Finland Date: December 25 Christmas greeting: Hyvaa joulua Foods: Christmas ham, roast suckling pig, turkey, boiled codfish, pickled herring and vegetables, prune jam pastries, plum or mixed fruit soup, rice porridge with cinnamon, sugar and cold milk. Drinks: hot cider, glogg (mulled wine) Customs: Candles are lit on the Christmas tree, which is traditionally decorated using apples and other fruits, candies, paper flags, cotton and tinsel. Christmas dinner or joulupöytä, which is usually served between 5pm and 7pm on Christmas Eve, or traditionally with the appearance of the first star in the sky.

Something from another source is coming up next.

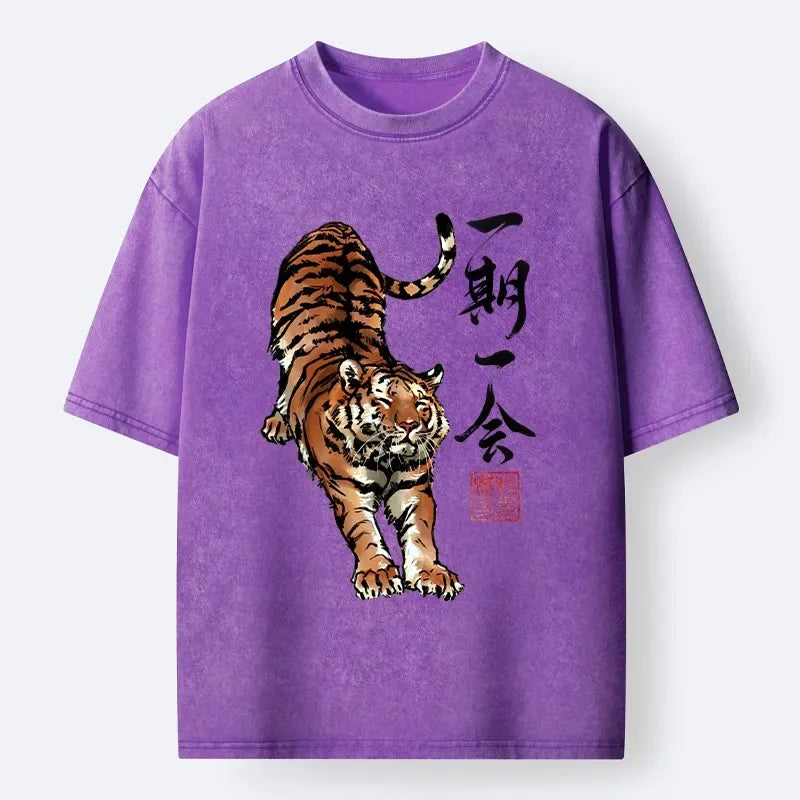 Japanese ink tiger washed t-shirt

France Date: December 25 Christmas greeting: Joyeux Noel Foods: Foie gras, oysters, escargots and smoked salmon, Buche de Noel (chocolate log cake). Turkey (with chestnuts) is the traditional dish of New Year’s Eve. Drinks: Champagne, wine. Customs: Children put their shoes by the fireplace so Père Noël (Father Christmas or Santa Claus) can give them gifts. Many families attend midnight mass. Some people put additional santons (little saints) in their nativity scenes, which are bought at special Christmas fairs.
Germany Date: December 25 Christmas greeting: Froehliche Weihnachten Foods: plenty of meat dishes, goose with dumplings and sauerkraut, chocolate pudding with gooseberries. Drinks: gluhwein (warm spiced red wine) Customs: The main celebration is Christmas Eve when families attend evening church then open presents with a late evening meal at home.
Greece Christmas: December 25, Epiphany Jan 6th. Christmas greeting: Kala Christouyenna! Foods: Roast turkey and potatoes, dolmades, pastichio (similar to lasagne), baklava, honey-dipped biscuits, almond biscuits, custard pastry slice (galaktompoureko). Drinks: ouzo or brandy (metaxa) Customs: Dawn mass, there are presents from St Vasilios on December 31; for New Year (January 1st) a cake with a coin inside, vasilopita, is served at midnight of New Year’s Day in hour of St Basil’s Day (January 1st).
Holland Date: December 5th, the eve of St Nicholas Day, Christmas greeting: Zalig Kerstfeast Foods: Chocolates in the shape of your first initial, peperknoten (spiced ginger biscuits) honey biscuits shaped like St Nicholas, marzipan balls, olliebollen (apple doughnuts), kerststol (fruited Christmas loaf). Drinks: advocaat (a brandy eggnog) Customs: Children leave clogs or shoes out to be filled with presents.
India Date: December 25 Christmas greeting: Naya Saal Mubarak Ho (Urdu) Foods: Breakfast: appam (pancakes) with curry, lunch: meat and fish, pork vindaloo, rice pudding (payasam). East Indians in Mumbai (Bombay) make many sweets including borose sponge cake, coconut cake, gram dhal sweet, vanilla cream, coconut cream. Drinks: whisky, beer and arrack (fermented palm sap) Customs: Exchange of sweets rather than presents.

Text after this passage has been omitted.